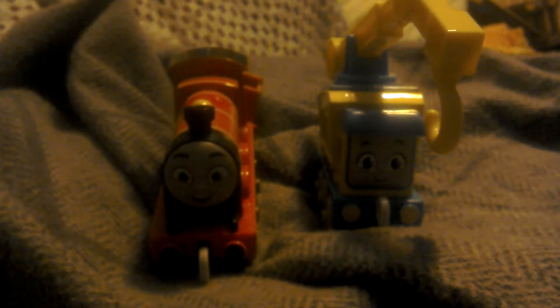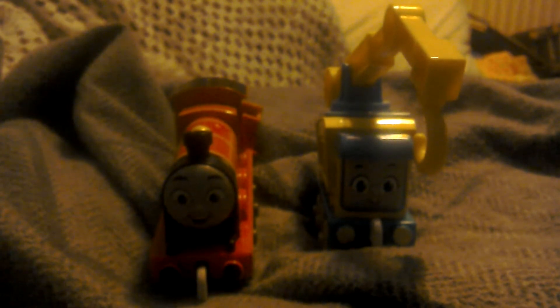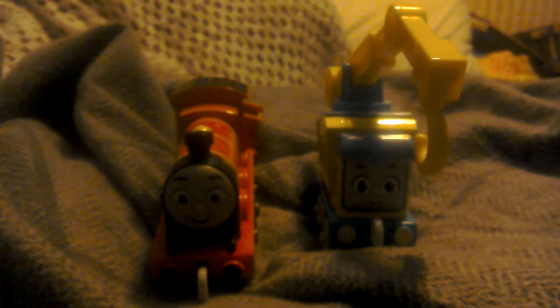I do have some more coming. I've got Diesel coming, Nia coming, Thomas coming, and Percy and Connor. All Engines Go push-along characters come in the post from The Entertainer toy shop. So I'll see you in that video guys.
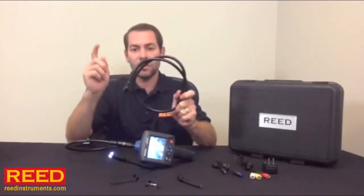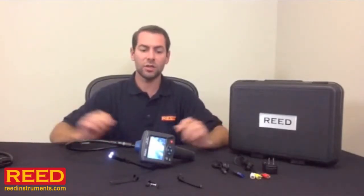You can buy optional extensions — we have a 3 foot and a 6 foot. It's a great piece of equipment, very useful in any industry. If you have any questions, talk to your local distributor. Check us out online at ReedInstruments.com.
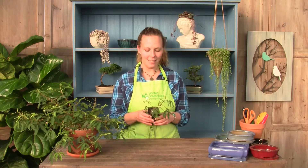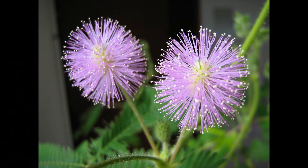If you've never experienced the marvel of this plant, you are in for a real treat. This plant is super cool and it actually gets these little pink puffball type flowers on it that are really cute. Before we get into why I think this plant is so amazing, let's step into how you care for it.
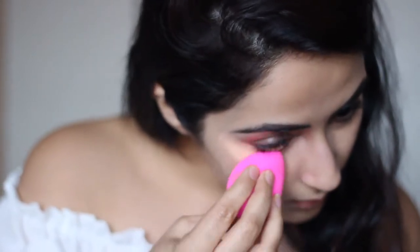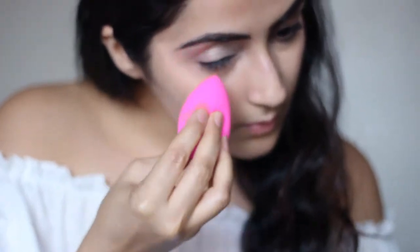With the help of a damp beauty blender, I then blend it all in. Just make sure to dab it all around and not sweep it.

_TASK GOAL_
Transcribe all the lines above exactly, apart from the pictures.

_REPLY_
I do have some more coming. I've got Diesel coming, Nia coming, Thomas coming, and Percy and Connor. All Engines Go push-along characters come in the post from The Entertainer toy shop. So I'll see you in that video guys.
You can buy optional extensions — we have a 3 foot and a 6 foot. It's a great piece of equipment, very useful in any industry. If you have any questions, talk to your local distributor. Check us out online at ReedInstruments.com.
If you've never experienced the marvel of this plant, you are in for a real treat. This plant is super cool and it actually gets these little pink puffball type flowers on it that are really cute. Before we get into why I think this plant is so amazing, let's step into how you care for it.
With the help of a damp beauty blender, I then blend it all in. Just make sure to dab it all around and not sweep it.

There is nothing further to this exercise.